– Я дам тебе обещание твоему правому глазу, если твой левый глаз тоже мне кое-что пообещает.
Она кивнула.
– Сначала ты. – Она широко открыла глаза и приблизила правый глаз к моему лицу. – Обещай.
Я чуть приподнялся, и глядя в глубину ее чистого как гладь озера зрачка, произнес;
– Я обещаю найти своего отца и узнать о себе правду.
Она закрыла глаза.
– Мой глаз это запомнил. – сказала она.
– Теперь ты.
– Что я должна сказать?
Я посмотрел на небо и немного пораздумав произнес;
– Обещай мне, что ты всегда будешь видеть правду и красоту. Обещай, что никогда не будешь думать о том, что ты монстр или дьявол. Чтобы не случилось, ты не будешь прятать свои глаза и волосы. Ты просто останешься особенной. Ты обещаешь?
Она довольно кивнула, и сказала, что для нее это сделать проще простого. Потом она собрала свои разбросанные учебники в портфель, отодрала засохшую корку крови с лица, помахала мне рукой, и навсегда ушла из моей жизни. На следующий день я узнал, что малютка заболела и ее увезли в столицу. Потом от соседей я узнал, что она там умерла. Вот так на короткое мгновение мою жизнь посетил ангел с разноцветными глазами, дав мне лишь на секунду почувствовать себя нормальным ребенком, другом, человеком, которому сказали, что любят. Я больше ее не видел, и теперь не увижу никогда. Порой рождаются на свет необычные дети, которые призваны быть чьим-то ангелом. Пусть она жила не долго на этом свете, но была счастлива и довольна всем что у нее есть. И хотя ее гнали, как и меня, она не считала себя изгоем, она считала себя особенной.

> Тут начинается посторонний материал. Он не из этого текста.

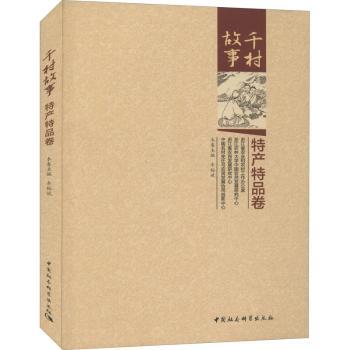 千村故事 特产特品卷 家长学生乡村文化启蒙书 精美插图地域特产故事 实用旅行指南 9787520383219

Глядя на эти оладьи под блестящими медовыми струйками, мне вспомнилась эта малютка с именем на букву «Э». Я называл ее в мыслях Элия. Мне казалось, что ее именно так и зовут. Вспомнилось именно сейчас как Элия поделилась со мной обедом. Я тогда был так голоден, что готов был съесть даже поджаренную саранчу. Прошло много лет, и забыл что такое голод. Я готов был выбросить это скромное угощенье, только потому что не хотелось иметь ничего общего с кем бы то ни было. Но воспоминания вернули меня в те дни, когда во мне не было никакой гордости, и я готов был доедать объедки своих двоюродных сестер, выслушивая их насмешки. Я положил тарелку на стол, взял одну из оладушек, и целиком отправил его в рот. Пальцы измазались в меде, на щеках проступили горькие слезы, а во рту было тепло, и сладко.
Барбара
– Хани, зачем ты это сделала?! – орала я как ужаленная.
– А что такого? Мы всегда делились с соседями чем-то вкусным. Мама так делала. – невинно мигали ее черные как угольки глаза.
– Ты не в России! Тут так не принято! – метала я.
– Ну тебе что, жалко несколько оладьей для своего же коллеги? Не будь такой скрягой.
– Дело не в этом! Вот дерьмо!
Схватив пальто я начала быстро обуваться.
– Барбара, я сделаю новые оладьи, такие же как ты любишь! Прости! – умоляюще вскричала Хани, взяв меня за руку.